What happens if I put you under a little cardio-respiratory demand, metabolic demand, and a little psychological stress? Pretty soon, what you see is I have 1,000 ways to challenge your ability to put your arms over your head, carry this or not deflect your back. We are not turning jump like an idiot. Ultimately, when we start to view training that way, it becomes intellectually interesting.

I’m challenging my position and the limits of my skill under these conditions. Jason was like, “I don’t think you can access the position.” What are we getting? We are getting you being able to say, “I can go until I break as long as it doesn’t hurt.” It’s good but what we have ended up there is people who are like, “Let’s not train. Let’s get you on an exercise bike and electrical stimulation to your muscles.” What we see is we have skills that don’t transfer.

What we told everyone several years ago was that, “Strength is never a weakness. As long as you are super fit, you are fine.” I’m like, “Is that the truth?” I’ve had plenty of technical people who fall apart under a little load and strong people who are stiff and get tweaked because they can’t change direction, step over, carry something or do it long.

Ultimately, when you start to view, “Here are these root positions. This is what everyone does,” then if you are training overhead, there are 1,000 ways to get there. Do you want to hang? Do you want to do some pushups? Great. Do you want to do a downward dog? Do you want to swim? They are all overhead positions. Do you want to jerk? We can snatch or press and get there. There are so many ways to get your arms over your head. What’s normal overhead? It’s over my head and now my back looks like a noodle, my elbows are flared and my neck is doing weird stuff.

My shoulders pinching.

When we begin to simplify the system, then suddenly, everyone knows the rules. What we are doing then is real training that transfers more effectively and then we do tests. I’m going to put you on. We are going to go compete. We are going to see how well your skills hold together. If the only thing I do is shoot a straight target and then I got to run up one day and shoot the target, I’m going to fall apart.

It’s because you haven’t trained it.

Why are we thinking the body mechanics skill technique is any different than the other skill?

There’s the term Operator syndrome. You’ve heard of it. We’ve had a number of conversations and we’ve done a number of episodes specifically on Operator syndrome.

[bctt tweet=”What we need to do is figure out a denser way of respecting people’s time so when they’re on, they’re on and when they’re off, they’re off.” username=”talentwargroup”]

I don’t know what Operator syndrome is. Let me guess, you are a mutant and you can do anything.
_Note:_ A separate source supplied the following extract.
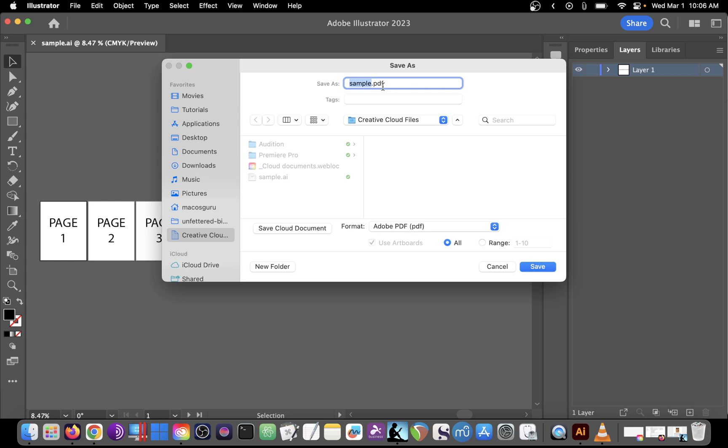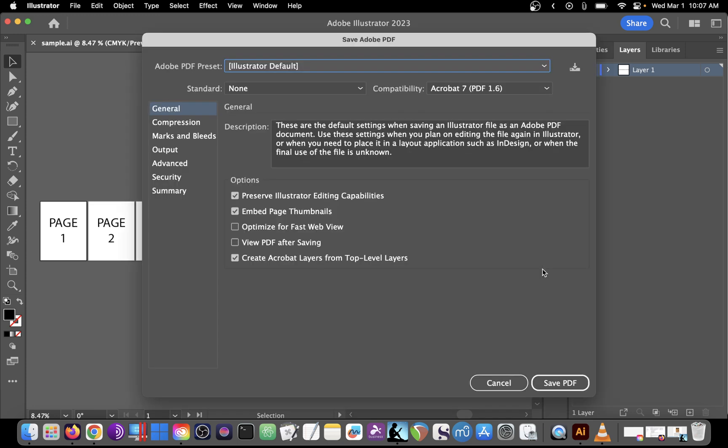You'll see that the extension changes in the Save As area here, and we can now click Save. The defaults here are fine for me, but you can optimize for fast web view or view PDF after saving if you choose to select those two.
It’s the opposite. We had Dr. Chris Frueh, a good partner of ours on the show. He has developed the term Operator syndrome, the leader in the medical industry, pushing it. It’s where you have over time, pushed yourself too far. It’s not one day. It’s a career of too much load on the body, mentally, physically, lack of sleep, no rest, where you’ve constantly said that we can continue to go until we break. We break and then we say, “I don’t need any rest,” and I continue pushing myself.

You should deploy to Yemen with your testosterone to 200. That makes a lot of sense.

What happens is guys start going in, especially call operation because his work is specific to special operators but we have seen this in like Naomi Osaka. You can put in Simone Biles. You wake up one day and you are like, “I can’t do this anymore,” and then you suffer from depression, anxiety, lack of sleep, and suicidal tendencies.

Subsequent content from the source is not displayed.